> [EXERCISE]: Please give every record below again exactly, and keep the pictures out.

::::

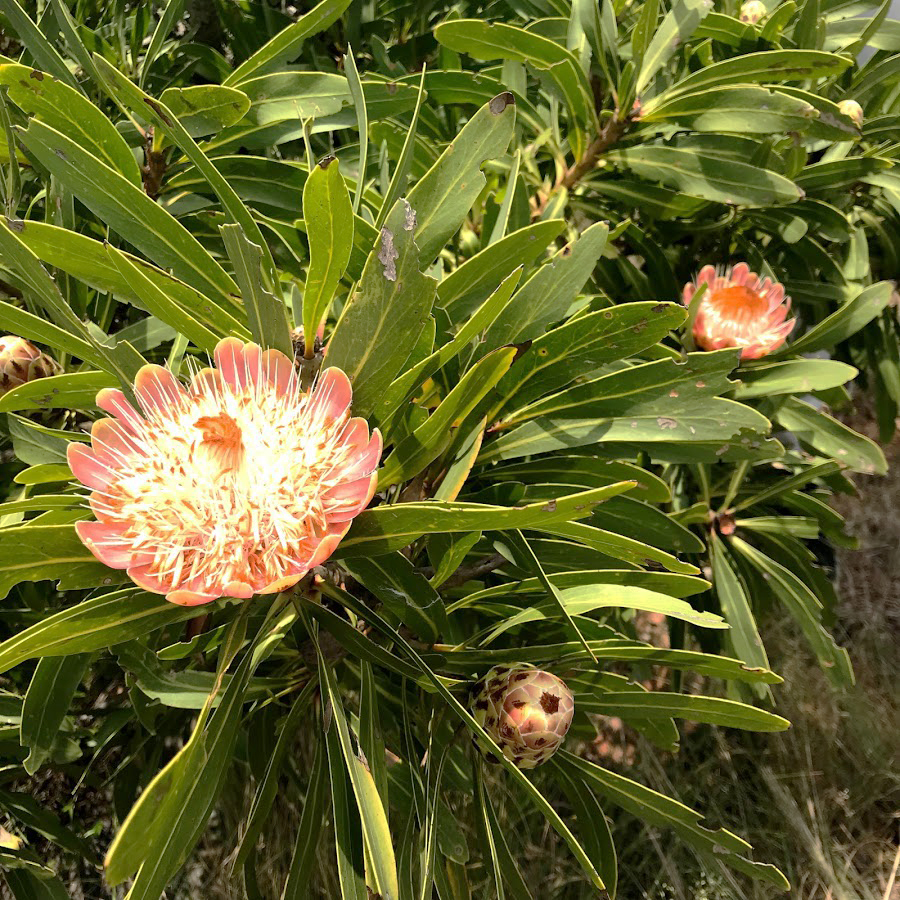 Protea (Sugarbush)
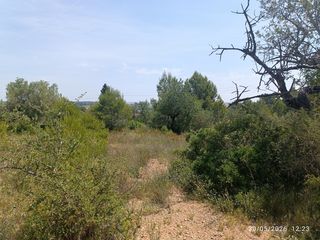 Landgut in Zona Hospital. Amposta,- finca de 36.000 m2 con olivos, algarrobos y pinar.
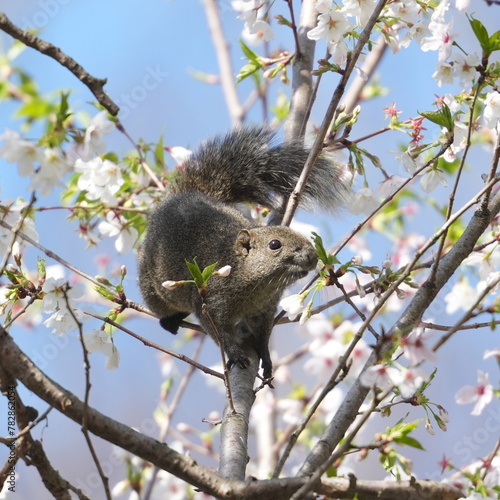 squirrel on a cherry flower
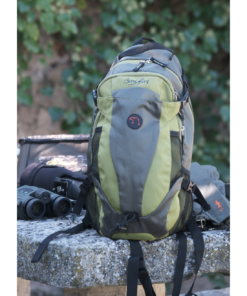 Complementos y Accesorios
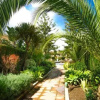 Отель Penthouse Venalmar, фото 6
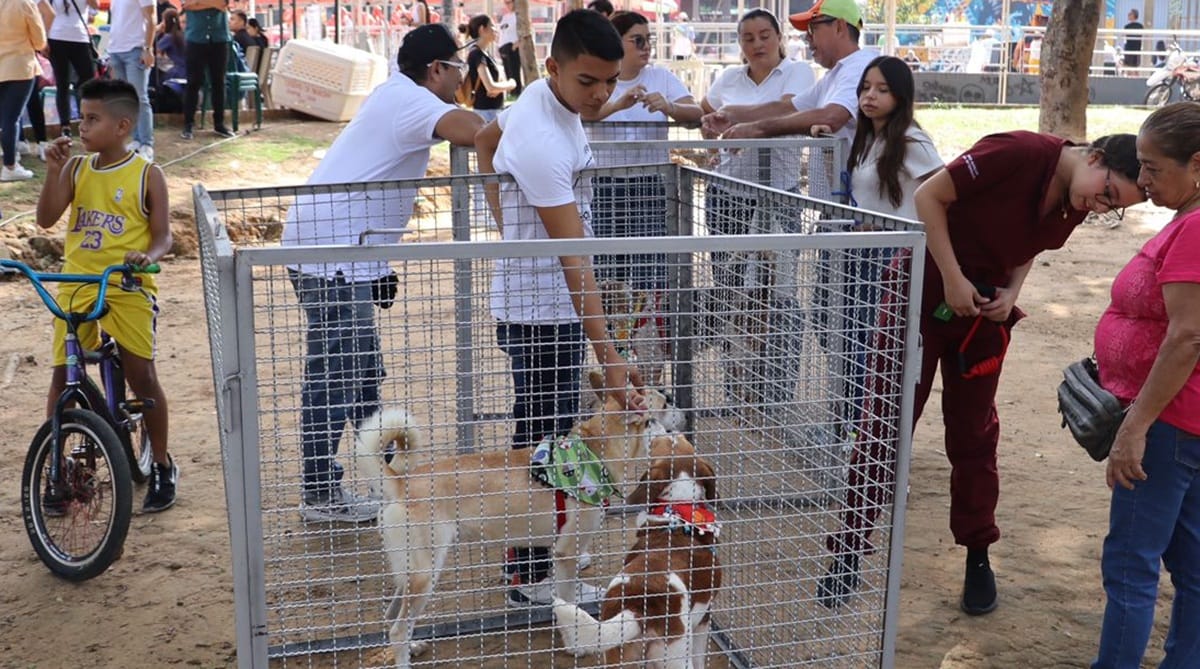 Lista la jornada para adoptar ‘peludos’ con responsabilidad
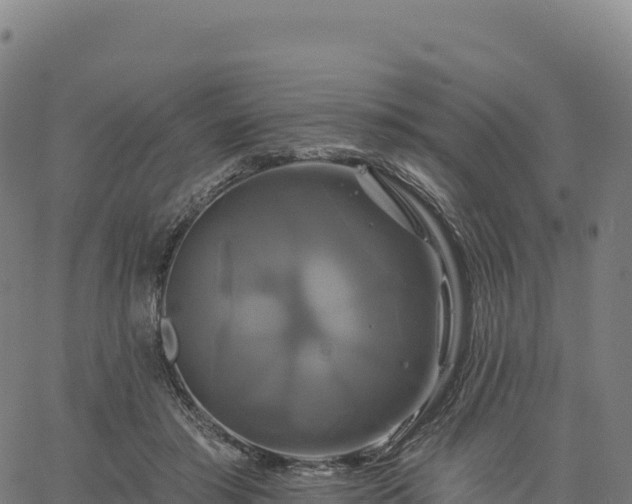 X0000061750405200512091641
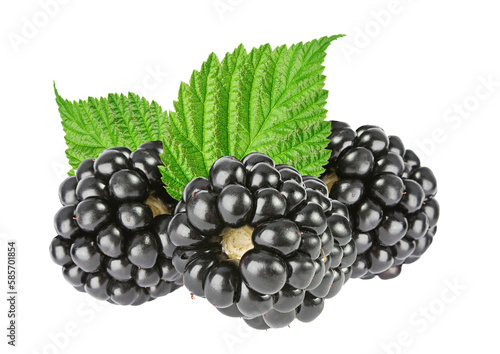Blackberry with leaves isolated. Png transparency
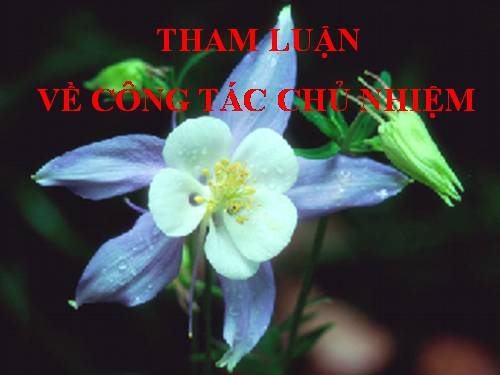 THAM LUẬN CÔNG TÁC CHỦ NHIỆM LỚP (CÔ OANH)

::::

> [OUTPUT]:
 Protea (Sugarbush)
 Landgut in Zona Hospital. Amposta,- finca de 36.000 m2 con olivos, algarrobos y pinar.
 squirrel on a cherry flower
 Complementos y Accesorios
 Отель Penthouse Venalmar, фото 6
 Lista la jornada para adoptar ‘peludos’ con responsabilidad
 X0000061750405200512091641
Blackberry with leaves isolated. Png transparency
 THAM LUẬN CÔNG TÁC CHỦ NHIỆM LỚP (CÔ OANH)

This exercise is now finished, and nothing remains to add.